===== Data shown =====
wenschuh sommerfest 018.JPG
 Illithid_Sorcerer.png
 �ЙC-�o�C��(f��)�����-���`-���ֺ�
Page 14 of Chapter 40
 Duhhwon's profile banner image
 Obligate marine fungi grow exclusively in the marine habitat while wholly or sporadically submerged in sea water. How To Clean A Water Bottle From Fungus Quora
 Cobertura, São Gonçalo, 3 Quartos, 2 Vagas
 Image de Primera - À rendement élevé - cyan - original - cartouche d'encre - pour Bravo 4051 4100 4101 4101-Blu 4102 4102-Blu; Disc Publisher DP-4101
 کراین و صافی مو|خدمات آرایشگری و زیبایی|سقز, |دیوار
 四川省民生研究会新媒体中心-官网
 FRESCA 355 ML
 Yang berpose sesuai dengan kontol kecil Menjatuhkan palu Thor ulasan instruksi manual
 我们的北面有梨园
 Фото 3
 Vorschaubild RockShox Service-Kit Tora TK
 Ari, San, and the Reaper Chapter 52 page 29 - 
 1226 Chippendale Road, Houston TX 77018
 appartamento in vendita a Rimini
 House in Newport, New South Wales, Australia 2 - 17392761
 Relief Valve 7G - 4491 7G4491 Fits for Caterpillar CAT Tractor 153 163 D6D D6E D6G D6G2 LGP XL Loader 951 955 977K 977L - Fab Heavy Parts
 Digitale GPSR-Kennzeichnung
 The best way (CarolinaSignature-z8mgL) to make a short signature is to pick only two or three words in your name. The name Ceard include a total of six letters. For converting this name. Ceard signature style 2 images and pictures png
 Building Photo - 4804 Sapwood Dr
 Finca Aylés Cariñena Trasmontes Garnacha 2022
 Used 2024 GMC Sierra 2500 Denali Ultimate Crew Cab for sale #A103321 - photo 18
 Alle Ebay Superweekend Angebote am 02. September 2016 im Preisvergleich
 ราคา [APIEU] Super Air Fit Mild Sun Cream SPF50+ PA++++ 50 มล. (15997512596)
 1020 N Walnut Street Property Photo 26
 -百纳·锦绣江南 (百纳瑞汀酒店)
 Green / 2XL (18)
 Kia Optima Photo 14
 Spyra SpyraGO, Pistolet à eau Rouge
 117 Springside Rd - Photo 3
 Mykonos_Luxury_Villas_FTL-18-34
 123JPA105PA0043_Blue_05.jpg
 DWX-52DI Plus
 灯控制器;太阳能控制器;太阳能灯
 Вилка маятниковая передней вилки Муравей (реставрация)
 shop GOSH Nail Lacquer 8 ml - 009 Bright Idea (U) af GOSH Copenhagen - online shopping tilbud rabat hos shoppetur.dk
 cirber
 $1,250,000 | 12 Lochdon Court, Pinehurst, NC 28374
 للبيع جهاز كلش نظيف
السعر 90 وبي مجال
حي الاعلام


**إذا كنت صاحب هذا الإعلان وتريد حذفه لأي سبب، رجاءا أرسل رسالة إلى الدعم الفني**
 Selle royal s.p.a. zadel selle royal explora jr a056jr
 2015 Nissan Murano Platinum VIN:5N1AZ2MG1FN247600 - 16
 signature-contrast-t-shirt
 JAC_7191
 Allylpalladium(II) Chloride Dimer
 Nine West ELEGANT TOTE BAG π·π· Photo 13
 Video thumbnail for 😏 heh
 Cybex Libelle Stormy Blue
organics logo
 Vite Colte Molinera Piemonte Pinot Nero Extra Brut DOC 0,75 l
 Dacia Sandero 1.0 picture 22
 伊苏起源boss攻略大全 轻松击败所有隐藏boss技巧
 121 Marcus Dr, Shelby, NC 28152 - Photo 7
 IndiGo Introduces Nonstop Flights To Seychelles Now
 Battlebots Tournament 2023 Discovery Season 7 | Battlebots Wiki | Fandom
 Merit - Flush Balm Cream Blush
=====
__How to complete this task__
Output each line of the listing in which the string "Chapter" is found.

__Your solution__
Page 14 of Chapter 40
 Ari, San, and the Reaper Chapter 52 page 29 - 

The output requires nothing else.